__What is being asked__:
Everything in the listing should be set down exactly, apart from the pictures.

------ Provided data

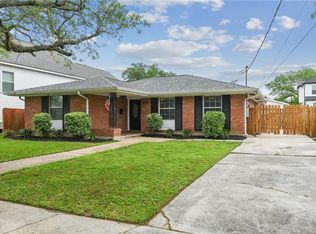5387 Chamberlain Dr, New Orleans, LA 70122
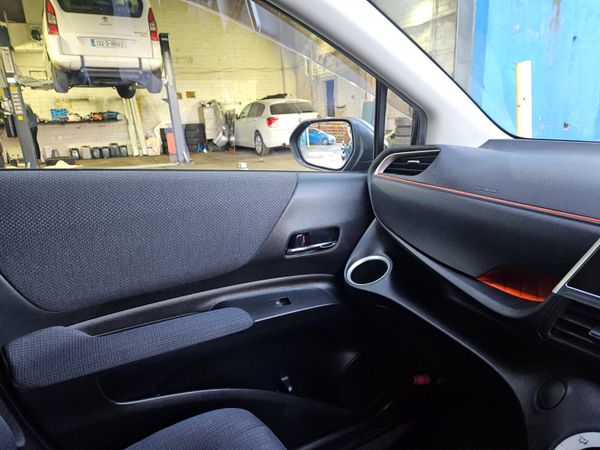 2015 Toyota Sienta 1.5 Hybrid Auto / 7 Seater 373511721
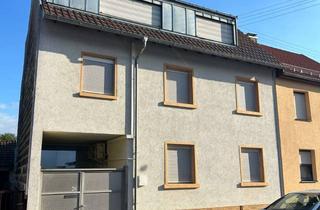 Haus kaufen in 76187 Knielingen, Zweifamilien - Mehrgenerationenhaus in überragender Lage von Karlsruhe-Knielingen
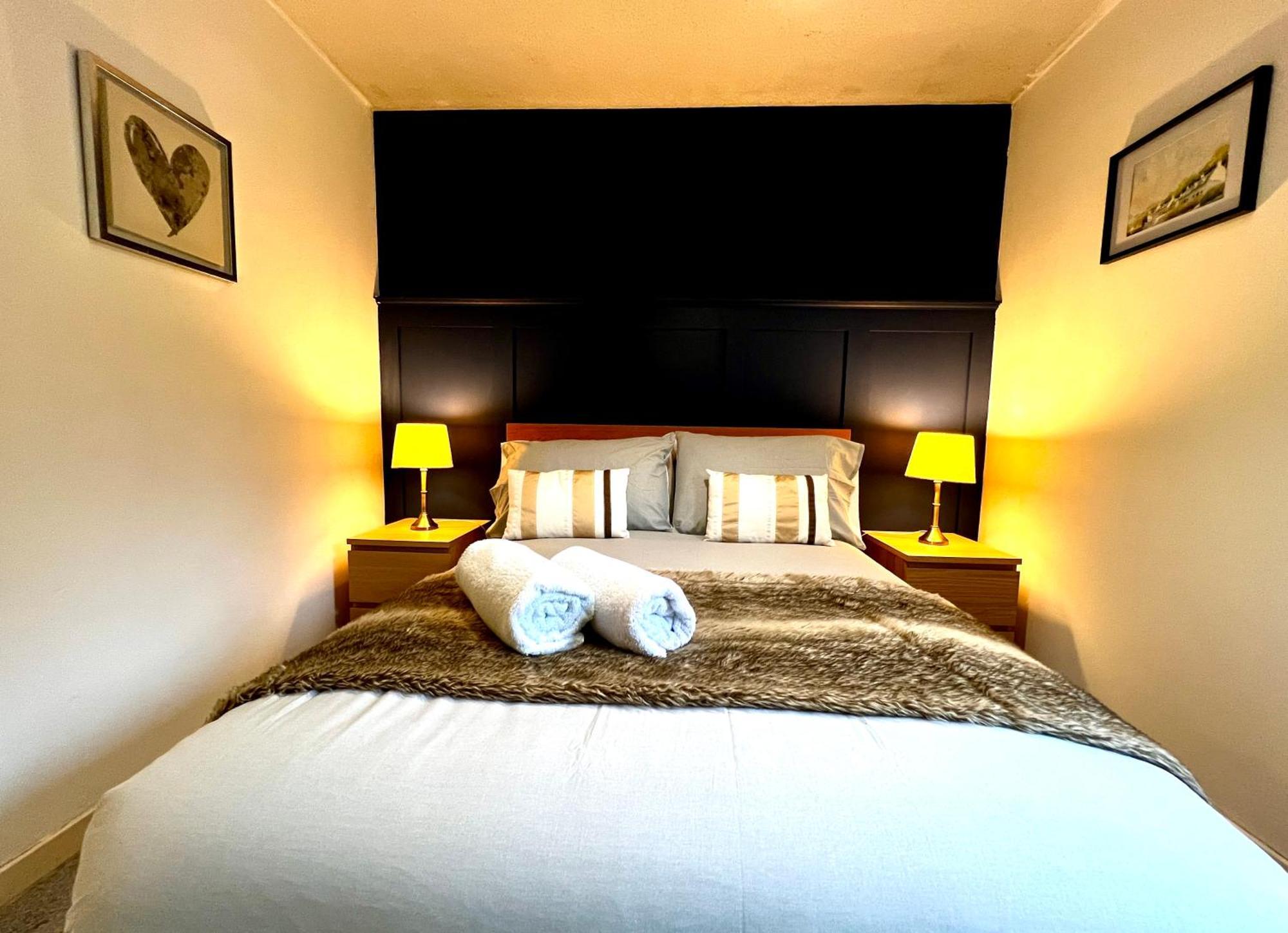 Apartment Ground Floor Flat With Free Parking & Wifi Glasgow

------------

__The completed task__:
5387 Chamberlain Dr, New Orleans, LA 70122
 2015 Toyota Sienta 1.5 Hybrid Auto / 7 Seater 373511721
 Haus kaufen in 76187 Knielingen, Zweifamilien - Mehrgenerationenhaus in überragender Lage von Karlsruhe-Knielingen
 Apartment Ground Floor Flat With Free Parking & Wifi Glasgow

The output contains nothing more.